O(n!) — Factorial Time

Running time grows as the factorial of n. Examples: - Generating all permutations - Brute-force traveling salesman

📊 Growth Rate Comparison

The jump from O(n log n) to O(n^2) is dramatic. The jump from O(n^2) to O(2^n) is catastrophic. At n = 100, an O(n^2) algorithm performs 10,000 operations (fast), while an O(2^n) algorithm performs 10^30 operations (impossible — more than the number of atoms in the universe).

26.4 Analyzing Loops and Recursion

Single Loops

A loop that iterates n times, doing O(1) work per iteration, is O(n):

Sum := 0;
for I := 1 to N do     { n iterations }
  Sum := Sum + I;       { O(1) per iteration }
{ Total: O(n) }

Nested Loops

Nested loops multiply their iteration counts:

for I := 1 to N do          { n iterations }
  for J := 1 to N do        { n iterations each }
    Process(I, J);           { O(1) }
{ Total: O(n^2) }

But not all nested loops are O(n^2).
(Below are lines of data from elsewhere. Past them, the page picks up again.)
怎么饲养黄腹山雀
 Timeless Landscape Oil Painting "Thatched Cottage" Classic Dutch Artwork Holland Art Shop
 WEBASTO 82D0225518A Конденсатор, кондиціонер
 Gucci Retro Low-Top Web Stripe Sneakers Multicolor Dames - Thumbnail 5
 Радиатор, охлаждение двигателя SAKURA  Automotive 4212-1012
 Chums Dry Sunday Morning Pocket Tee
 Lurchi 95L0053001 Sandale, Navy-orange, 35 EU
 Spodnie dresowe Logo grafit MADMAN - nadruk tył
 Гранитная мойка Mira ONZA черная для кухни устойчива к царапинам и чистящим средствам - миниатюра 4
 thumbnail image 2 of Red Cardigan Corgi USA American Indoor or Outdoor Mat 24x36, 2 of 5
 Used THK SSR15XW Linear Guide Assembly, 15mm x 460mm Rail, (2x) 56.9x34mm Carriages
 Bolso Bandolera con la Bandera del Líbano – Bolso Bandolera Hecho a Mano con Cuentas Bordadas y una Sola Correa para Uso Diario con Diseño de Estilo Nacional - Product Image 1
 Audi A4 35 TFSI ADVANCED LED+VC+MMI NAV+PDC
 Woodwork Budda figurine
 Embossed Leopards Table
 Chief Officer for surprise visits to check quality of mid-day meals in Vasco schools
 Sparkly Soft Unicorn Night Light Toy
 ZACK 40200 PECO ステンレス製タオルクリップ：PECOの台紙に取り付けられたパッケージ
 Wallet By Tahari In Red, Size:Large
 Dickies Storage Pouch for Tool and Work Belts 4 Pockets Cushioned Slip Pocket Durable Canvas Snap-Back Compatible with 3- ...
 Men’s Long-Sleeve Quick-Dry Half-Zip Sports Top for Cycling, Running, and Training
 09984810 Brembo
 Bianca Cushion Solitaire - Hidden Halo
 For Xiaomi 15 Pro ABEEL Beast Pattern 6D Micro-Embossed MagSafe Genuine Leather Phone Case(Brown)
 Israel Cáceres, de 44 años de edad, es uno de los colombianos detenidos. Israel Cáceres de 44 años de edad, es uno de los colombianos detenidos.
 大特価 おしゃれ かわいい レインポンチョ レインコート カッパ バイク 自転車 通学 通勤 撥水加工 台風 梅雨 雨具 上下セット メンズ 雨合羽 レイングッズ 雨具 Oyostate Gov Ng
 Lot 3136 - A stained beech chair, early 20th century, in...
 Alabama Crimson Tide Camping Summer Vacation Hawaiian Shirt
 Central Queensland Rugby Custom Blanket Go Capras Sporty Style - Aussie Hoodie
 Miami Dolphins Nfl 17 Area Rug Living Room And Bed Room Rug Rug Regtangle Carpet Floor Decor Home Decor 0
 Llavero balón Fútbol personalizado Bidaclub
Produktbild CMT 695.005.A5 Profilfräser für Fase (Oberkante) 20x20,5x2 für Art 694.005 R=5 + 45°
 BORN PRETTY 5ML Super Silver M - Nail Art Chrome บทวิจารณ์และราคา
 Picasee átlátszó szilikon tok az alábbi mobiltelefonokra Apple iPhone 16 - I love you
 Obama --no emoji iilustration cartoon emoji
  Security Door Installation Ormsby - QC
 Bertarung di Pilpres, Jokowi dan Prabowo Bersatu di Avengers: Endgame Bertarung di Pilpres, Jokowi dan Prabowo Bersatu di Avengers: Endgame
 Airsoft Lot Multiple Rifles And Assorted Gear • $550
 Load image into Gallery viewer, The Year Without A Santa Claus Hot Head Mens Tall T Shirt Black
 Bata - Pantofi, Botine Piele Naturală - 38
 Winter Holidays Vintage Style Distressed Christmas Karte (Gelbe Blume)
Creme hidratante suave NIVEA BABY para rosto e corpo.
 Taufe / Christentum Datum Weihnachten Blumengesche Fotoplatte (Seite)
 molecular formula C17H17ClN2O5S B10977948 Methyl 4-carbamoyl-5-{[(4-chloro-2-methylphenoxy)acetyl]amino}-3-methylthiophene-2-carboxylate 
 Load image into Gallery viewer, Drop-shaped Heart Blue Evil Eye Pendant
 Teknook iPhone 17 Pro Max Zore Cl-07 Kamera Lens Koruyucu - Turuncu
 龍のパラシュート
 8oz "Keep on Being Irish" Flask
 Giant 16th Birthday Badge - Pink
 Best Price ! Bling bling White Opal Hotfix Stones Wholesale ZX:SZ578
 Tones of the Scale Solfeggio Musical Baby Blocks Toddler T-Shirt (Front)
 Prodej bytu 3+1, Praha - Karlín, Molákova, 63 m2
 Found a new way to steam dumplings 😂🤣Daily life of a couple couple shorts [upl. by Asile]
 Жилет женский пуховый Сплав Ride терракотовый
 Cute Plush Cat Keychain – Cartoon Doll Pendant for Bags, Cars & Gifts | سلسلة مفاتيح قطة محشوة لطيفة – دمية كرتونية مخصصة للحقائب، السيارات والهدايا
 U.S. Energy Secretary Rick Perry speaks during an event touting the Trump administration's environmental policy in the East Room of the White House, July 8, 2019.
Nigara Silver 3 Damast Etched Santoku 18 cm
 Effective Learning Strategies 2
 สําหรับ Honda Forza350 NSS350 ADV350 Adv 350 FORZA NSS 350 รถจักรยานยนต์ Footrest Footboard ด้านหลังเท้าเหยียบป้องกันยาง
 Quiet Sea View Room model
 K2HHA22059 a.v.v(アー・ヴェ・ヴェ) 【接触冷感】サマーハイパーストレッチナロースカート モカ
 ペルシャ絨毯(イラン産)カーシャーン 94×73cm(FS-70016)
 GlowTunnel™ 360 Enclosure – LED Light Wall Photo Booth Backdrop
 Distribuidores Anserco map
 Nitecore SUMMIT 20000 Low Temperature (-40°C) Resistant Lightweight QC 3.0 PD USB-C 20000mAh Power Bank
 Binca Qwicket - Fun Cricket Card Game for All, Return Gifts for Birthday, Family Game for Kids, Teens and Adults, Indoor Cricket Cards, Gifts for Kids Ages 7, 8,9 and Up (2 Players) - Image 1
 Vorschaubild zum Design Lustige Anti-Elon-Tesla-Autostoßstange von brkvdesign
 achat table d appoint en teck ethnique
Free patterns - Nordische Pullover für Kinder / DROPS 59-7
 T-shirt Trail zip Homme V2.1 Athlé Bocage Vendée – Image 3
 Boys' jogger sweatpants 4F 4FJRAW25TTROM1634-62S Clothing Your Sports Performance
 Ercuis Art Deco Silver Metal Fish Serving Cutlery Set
If the inner loop's bound depends on the outer:

for I := 1 to N do          { n iterations }
  for J := 1 to I do        { I iterations (1, 2, ..., n) }
    Process(I, J);
{ Total: 1 + 2 + ... + n = n(n+1)/2 = O(n^2) }

Still O(n^2), but exactly half as many operations.

Worked Analysis: 10+ Code Snippets

Let us analyze a series of increasingly complex code patterns.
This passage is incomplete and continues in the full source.